§ **Your goal**
Would you please return only the lines from the one with "ClearGlow Glycolic Acid" through the last line of the records below, leaving the pictures out?

--- --- ---

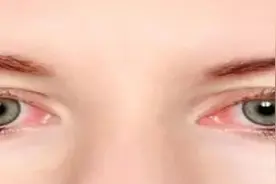 为什么起床发现眼睛有红血丝图片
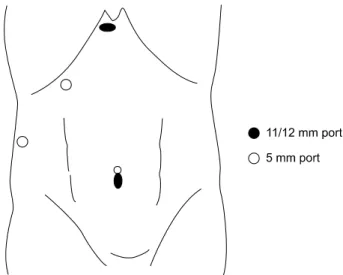 Fig.  1.  Site  and  size  of  the  Trocars  for  the  laparoscopic  excision  of  choledochal  cyst.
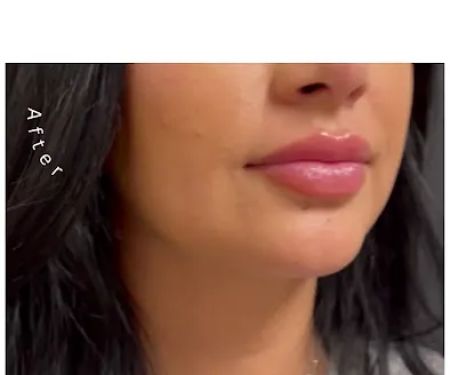 SoCal Skin Aesthetics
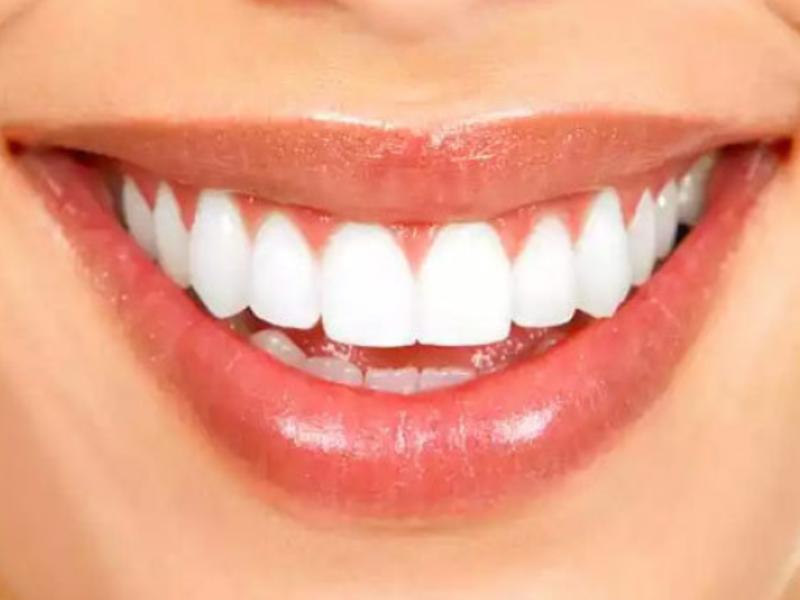 Diş Teli Sürecinde Önemli Olan Noktalar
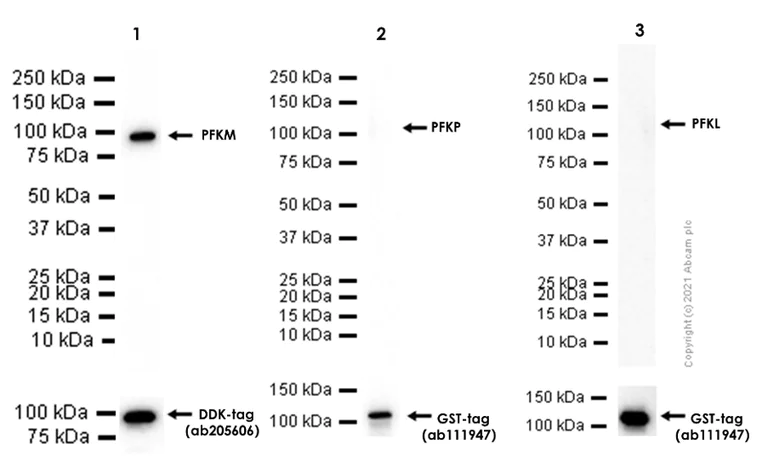 Western blot - Recombinant Human PFKP protein (GST tag N-Terminus) (AB132823)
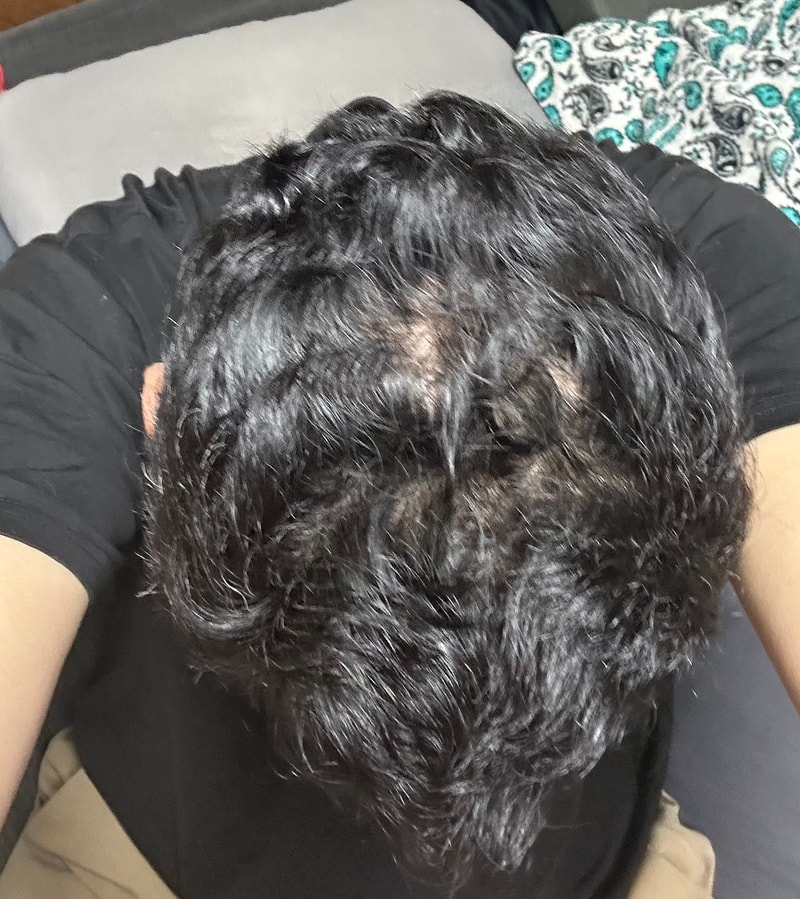 Dr.For Hair头皮精华液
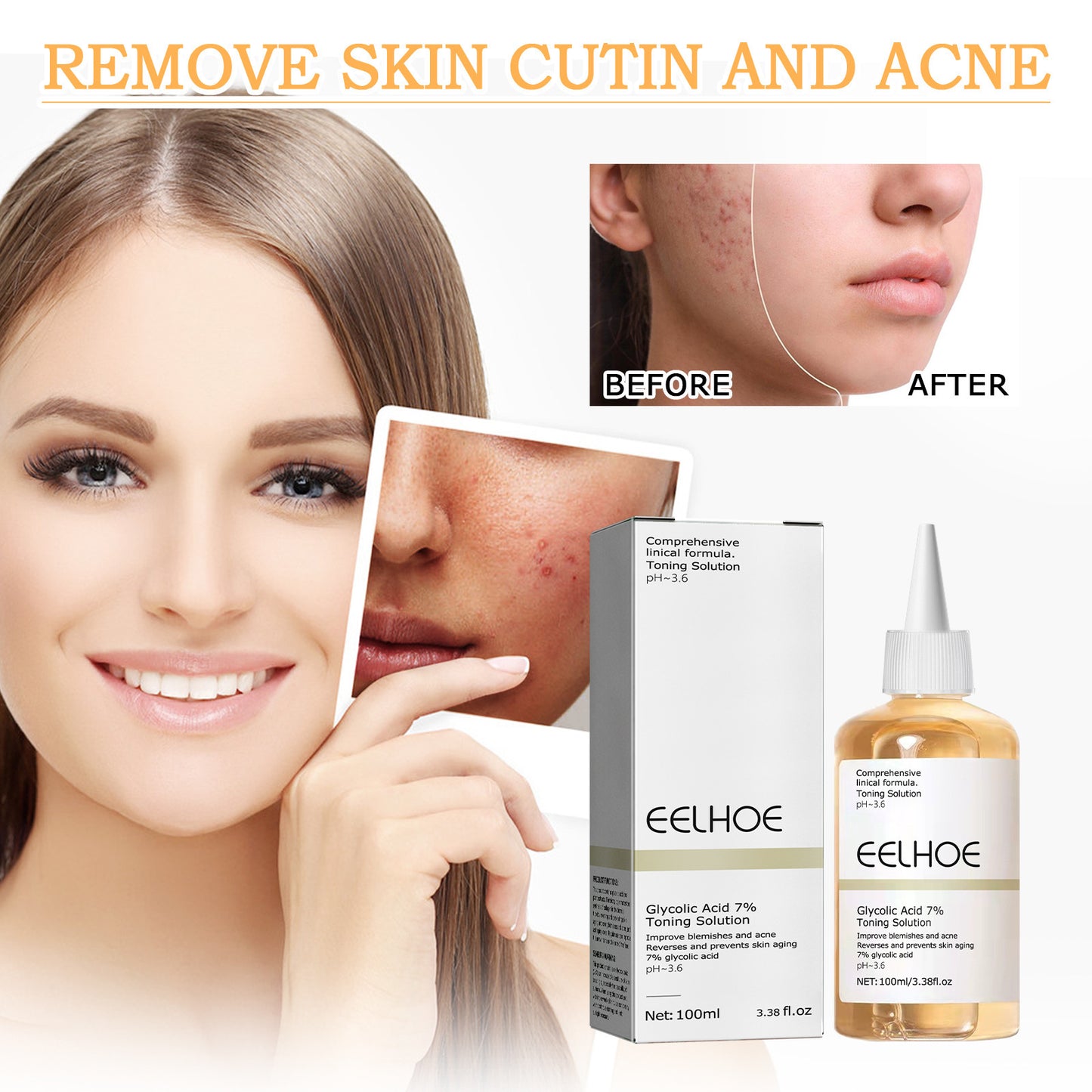 ClearGlow Glycolic Acid 7% Exfoliating Lotion – Acne & Texture Refining Toner (100ml)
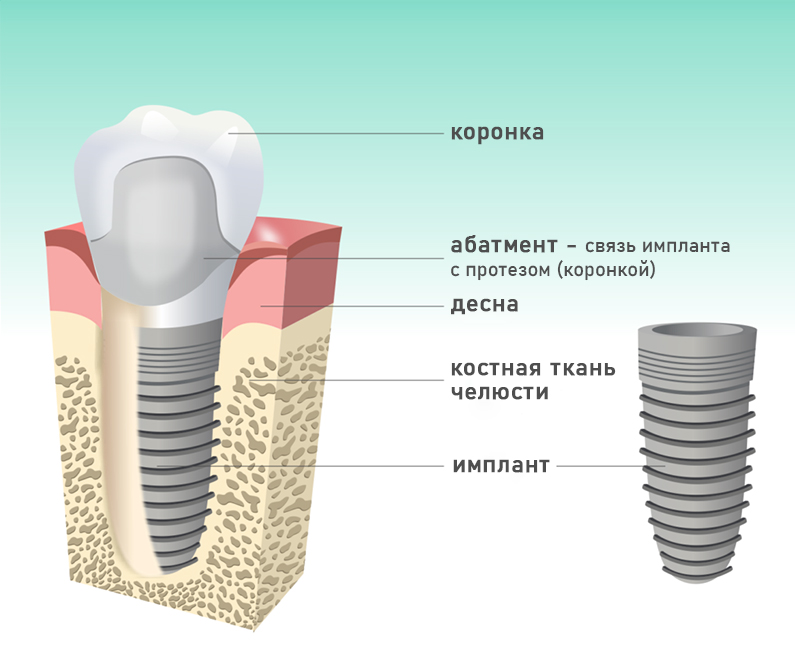 Схема имплантации зуба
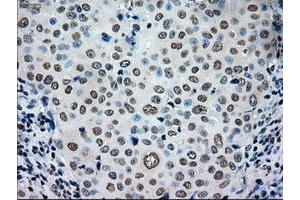 Image no. 2 for anti-TYRO3 Protein Tyrosine Kinase (TYRO3) antibody (ABIN1501607)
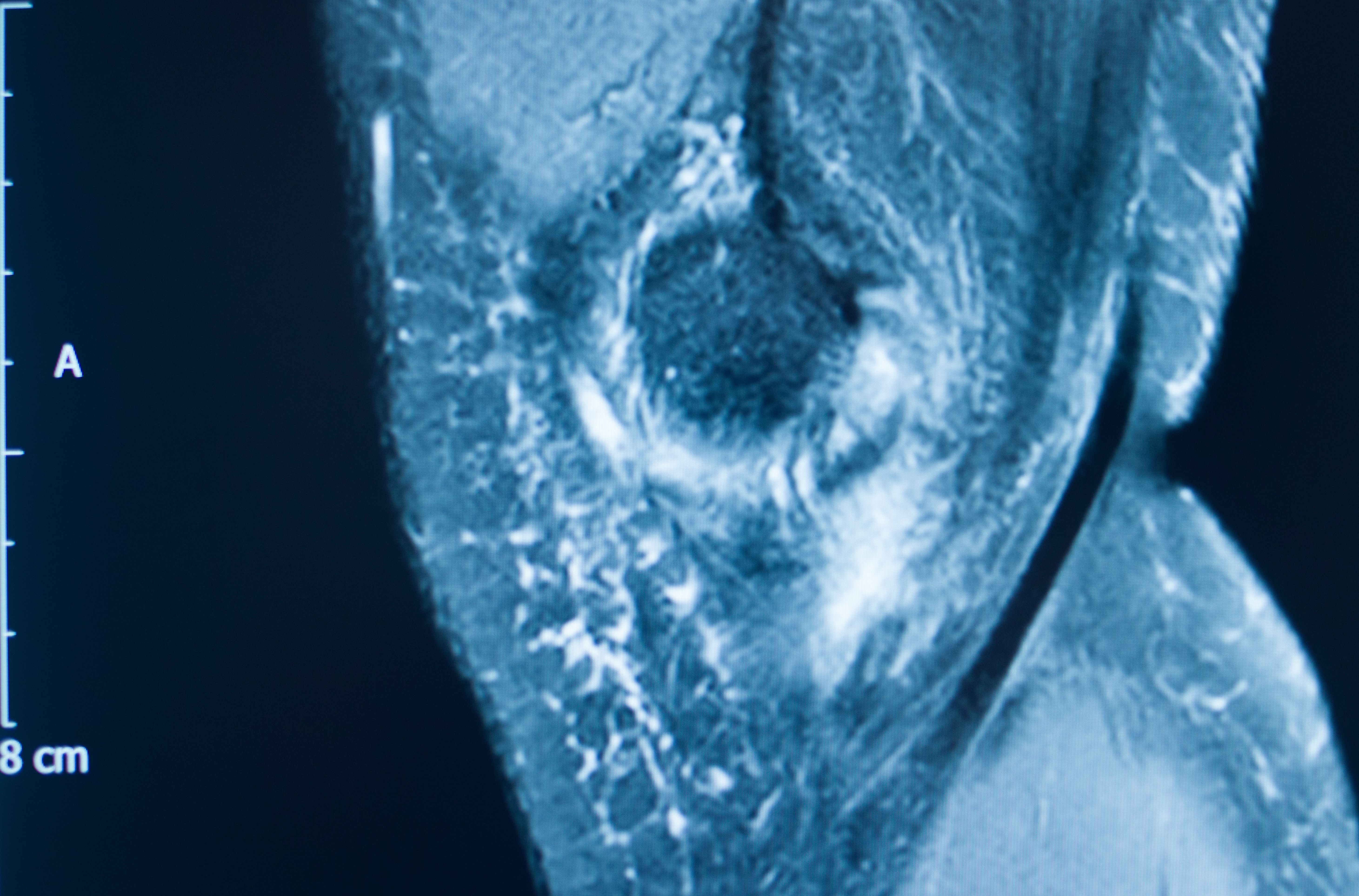 OSSIO's bio-integrative suture anchors can be used in a wide variety of procedures: ©EdwardOlive - stock.adobe.com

--- --- ---

§ **Result of this exercise**
 ClearGlow Glycolic Acid 7% Exfoliating Lotion – Acne & Texture Refining Toner (100ml)
 Схема имплантации зуба
 Image no. 2 for anti-TYRO3 Protein Tyrosine Kinase (TYRO3) antibody (ABIN1501607)
 OSSIO's bio-integrative suture anchors can be used in a wide variety of procedures: ©EdwardOlive - stock.adobe.com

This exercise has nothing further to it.